C’est une rencontre sous tension. Liverpool a en mémoire sa défaite quelques mois plus tôt face à la Juve en finale de la Supercoupe – ce qui gonfle les supporters anglais d’un certain esprit revanchard. L’année précédente, lors d’une autre finale à Rome, ils avaient dû se réfugier dans l’ambassade britannique suite aux attaques des tifosis romains… On le découvre dans le premier épisode, c’est une accumulation de “petites choses” qui a conduit au drame du Heysel. À l’aube, tout semblait avoir bien commencé. Les supporters affluaient par milliers dans les rues de Bruxelles, sous un soleil de plomb. Les chants résonnaient, amplifiés par les litres de bière engloutis. Aux abords du stade, c’est la même ambiance. Sauf que… Les premiers signes d’un possible incident ne tardent pas. Certains achètent leur ticket au marché noir pour pénétrer dans le stade et perturbent la répartition des supporters. Certains vont jusqu’à desceller des pierres du stade, vétuste pour y entrer! D’autres patientent en attendant leur moment, comme le souligne un fan de Liverpool. “En tant que supporter, on se comporte correctement en journée pour ne pas être arrêté et ne pas rater le match”, raconte-t-il dans le film.

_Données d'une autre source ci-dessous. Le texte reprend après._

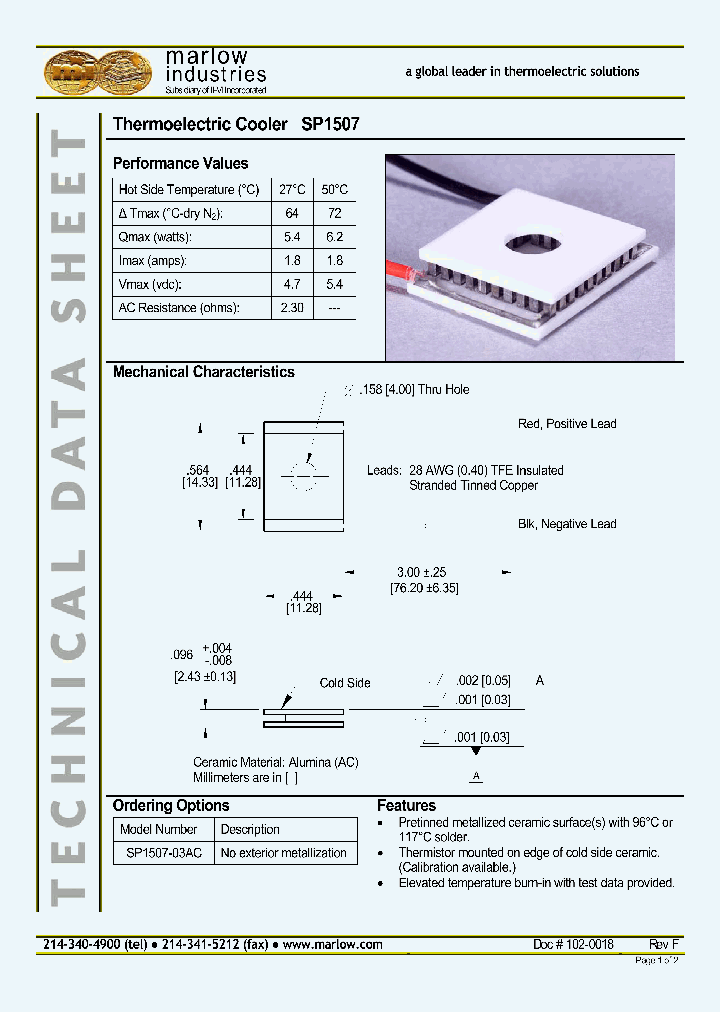 SP1507-03AC_4129290.PDF Datasheet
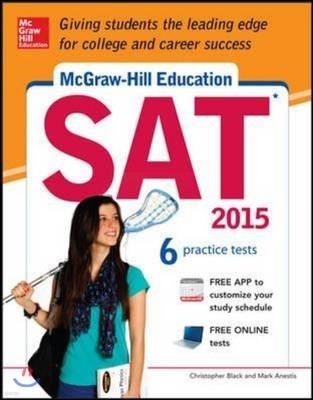 [Ǹ] Mcgraw-Hill Education SAT 2015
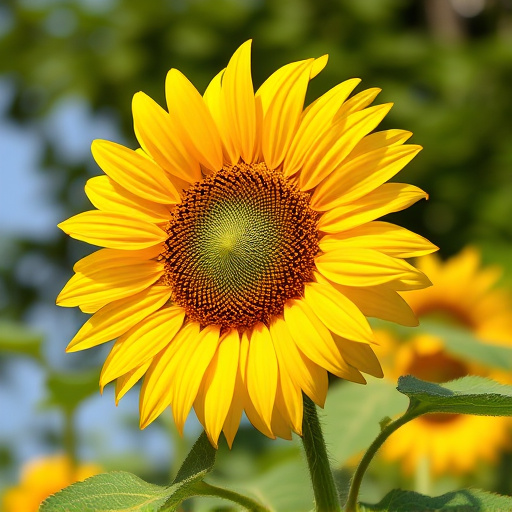 sunflower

À ce cocktail explosif, il faut ajouter un contrôle aléatoire et des fouilles sommaires à l’entrée où l’alcool coule à flots. La situation ne pouvait que dégénérer… Les forces de l’ordre ne sont absolument pas coordonnées. Des policiers non formés aux matches de foot assurent la sécurité à l’intérieur tandis que la majorité des effectifs surveille l’extérieur. L’avant-match est de plus en plus électrique jusqu’au point de bascule: après avoir balancé des pierres et des fusées, des supporters anglais logés dans la tribune X chargent des supporters italiens, regroupés dans la tribune Z. Pour échapper à l’assaut, certains tentent de passer sur le terrain – protégé par des grillages impossibles à ouvrir. D’autres se massent contre le mur d’enceinte qui finit par s’effondrer… Des hommes périssent, étouffés ou piétinés. Ailleurs dans le stade, inconscient du drame qui se joue, le reste du public chante. La suite ressemble à un mauvais film: forces de l’ordre dépassées, improvisation totale et chaos. Les corps seront évacués et cachés sous des tentes pour que le match puisse se jouer…

La force des témoignages

C’est une des forces de ce documentaire: des témoignages des acteurs (forces de l’ordre, services de secours, autorités, anciens joueurs, rescapés) et des victimes ou de leurs familles. Et aussi des auteurs. Parmi les témoignages recueillis dans le cadre de ce puissant documentaire, il y a celui de Terry Wilson – âgé d’à peine 18 ans en 1985. Terry fait partie des hooligans anglais. Identifié sur les images, il sera lourdement condamné par la justice (5 ans de prison d’où il sortira après 18 mois). Aujourd’hui maître-nageur, il s’est réfugié dans la religion mais accepte de revenir sur les événements. D’autres restent muets. “Trente-sept ans après les faits, beaucoup refusent de prendre la parole, surtout parmi les joueurs de ce match, explique Jean-Philippe Leclaire. C’est le cas de Michel Platini – auteur du but de la victoire pour la Juve – qui n’a jamais remis les pieds dans le stade malgré les nombreuses occasions qu’il a eues. Il reste hanté par les fantômes du Heysel.” Comme les familles des 39 morts et des 450 blessés.